For me, it was a huge break. I wouldn't have to fight my way through the city down a crowded freeway to the airport, or find some public transportation. It saved me hours, probably. What was in it for him? We got to drive in the carpool lane through the heavy traffic on Interstate 5 in Seattle, he noted, and the conversation helped pass the time.

He gives hitchhikers a good once-over before picking them up, he said, adding that I looked OK. He hates it when a young woman is out there on the shoulder and he slows down, only to see the boyfriend and two dogs pop out of the ditch. And he's bugged by the same thing Dan from Idaho (Day 3, Ride 10) mentioned: hitchhikers asking him for money. I didn't. Then he offered me a sandwich.

Hunter was Ride 19 since last Saturday morning (not including Don's lift this morning). He dropped me at Sea-Tac  at 3:40 p.m. PDT and I said I hoped to see him, too, next year. Which I do.

I still had no ticket, but was on a Sun Country flight to Minneapolis at 5:30. It featured a "picnic in the sky" -- complimentary hot dogs. Who knew? It was just after 11 p.m. CDT when I got on the light rail heading for downtown Minneapolis. It featured the usual loud Friday night kids. Hennepin Avenue was a shock, only half a day from Don's mountainside -- crowded, loud, garishly lit, gamy. The No. 4 bus was the same on all counts. So you can imagine the relief to get off at my corner -- not that I was home (though I surprised even myself by doing the trip in less than a week), but that I could hear crickets.


Thursday, August 25, 2011

Don, the Mountain Media Mogul

Don Nelson and I used to work together years ago at the Star Tribune. Apparently because people get crazier when they get older, he recently bought the weekly newspaper in Twisp, Wash., the Methow Valley News.
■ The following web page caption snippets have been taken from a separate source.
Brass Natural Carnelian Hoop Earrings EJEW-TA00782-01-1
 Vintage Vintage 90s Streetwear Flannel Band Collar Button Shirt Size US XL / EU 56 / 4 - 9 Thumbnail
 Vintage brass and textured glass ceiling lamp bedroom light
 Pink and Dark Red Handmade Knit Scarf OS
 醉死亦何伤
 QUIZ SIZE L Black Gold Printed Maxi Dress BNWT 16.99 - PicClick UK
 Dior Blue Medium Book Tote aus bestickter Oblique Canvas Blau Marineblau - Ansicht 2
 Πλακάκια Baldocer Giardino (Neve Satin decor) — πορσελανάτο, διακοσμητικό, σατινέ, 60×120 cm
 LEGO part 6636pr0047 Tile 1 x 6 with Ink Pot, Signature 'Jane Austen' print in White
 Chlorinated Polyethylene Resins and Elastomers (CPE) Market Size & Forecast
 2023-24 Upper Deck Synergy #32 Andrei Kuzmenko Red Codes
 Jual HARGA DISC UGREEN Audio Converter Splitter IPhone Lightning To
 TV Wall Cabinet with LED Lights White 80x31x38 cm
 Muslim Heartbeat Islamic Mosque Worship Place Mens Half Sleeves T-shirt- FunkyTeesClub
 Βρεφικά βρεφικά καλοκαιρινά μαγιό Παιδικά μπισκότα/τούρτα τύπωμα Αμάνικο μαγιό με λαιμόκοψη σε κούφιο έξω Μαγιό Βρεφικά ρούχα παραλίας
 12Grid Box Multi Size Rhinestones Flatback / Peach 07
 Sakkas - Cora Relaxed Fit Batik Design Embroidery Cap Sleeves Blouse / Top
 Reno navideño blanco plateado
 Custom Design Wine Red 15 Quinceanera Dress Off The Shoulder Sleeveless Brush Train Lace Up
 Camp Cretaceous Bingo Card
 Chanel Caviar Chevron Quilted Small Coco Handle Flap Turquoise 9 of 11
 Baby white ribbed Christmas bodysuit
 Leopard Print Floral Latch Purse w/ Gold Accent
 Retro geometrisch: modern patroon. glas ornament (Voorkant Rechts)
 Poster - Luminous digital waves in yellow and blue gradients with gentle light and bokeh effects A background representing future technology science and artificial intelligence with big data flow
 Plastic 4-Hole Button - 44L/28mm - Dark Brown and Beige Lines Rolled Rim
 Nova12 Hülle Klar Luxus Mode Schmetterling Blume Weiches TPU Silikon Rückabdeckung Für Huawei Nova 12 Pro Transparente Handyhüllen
Here are a couple of glimpses of Don's executive lifestyle, starting with the view from his shower.


Police escort No. 1


Colville Confederated Tribes
police Sgt. Don redfield drove me 80 some miles, Spokane WA to Coulee Dam. Note the light strip, top of windshield. He wasn't on regular duty.
Sent from my iPhone

Police escort No. 2


Duane McClung, an officer with Colville Tribal Corrections,got me about 40 miles further, to Bridgeport, where he lives. He included several stops for photos and a lot of insights into his beautiful part of the world. This was at Grand Coulee Dam.

Sent from my iPhone

Arriving in style



Cloud (yes,as in the sky) was the 18th and final driver to pick me up, delivering me to pal's office door in Twisp. A ride in an Audi convertible up the
Methow Valley at dusk was truly a final, fortunate, fab flourish.